Assume further that H & W had a credit shelter trust established when the applicable exclusion amount was far lower ( $1 million or lower). Assume further that the credit shelter trust did not provide for income and principal distributions to the surviving spouse because it was established solely for members of H's family ( those other than W). This is a common situation where there are children from different marriages involved.

What was contemplated when this plan was made was that given the same size of Estate ($2.5 million) and an applicable exclusion amount of $1 million ( what would have happened as recently as 2001) $1 million would have gone into the bypass trust for H's family, with the balance ( $1.5 million) going to fund the Marital deduction Trust which W could raid at will for her living expenses.
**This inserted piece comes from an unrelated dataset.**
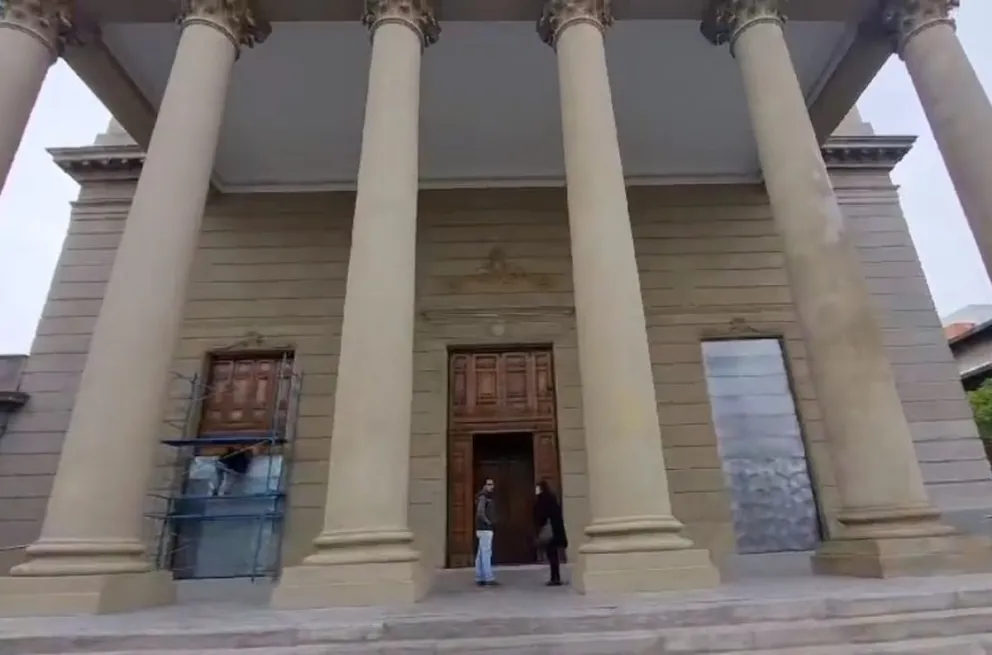 Blindan la Catedral en la previa al 35° Encuentro de Mujeres y Disidencias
However, under the current rules and the above scenario no marital deduction trust would be created when the deceased spouse's estate was less than $3.5 million. So assuming H dies first, upon his death all of H's property would stay in the credit shelter ( aka bypass trust) and the marital deduction trust would never get funded. Now W would not have access to the income that she would have had when the applicable exclusion amount was lower.

So those with Estates greater than $1 million and less than 3.5 million may presently have a plan that will not accomplish the common goal of providing income and if need be principal to the surviving spouse. Indeed in the extreme example above W might soon end up penniless.

So what's the solution? Well for starters its time to see an Estate Planning Attorney in your area to amend your revocable living trust. Though technically called a modification in California, or a restatement, either way you are amending the terms of the trust. Most revocable living trusts are fully amendable while both spouses are alive and well and acting as trustees. With some relatively simple amendments, the problem can be avoided and the surviving spouse can be left with the certainty that he or she will have some means of support.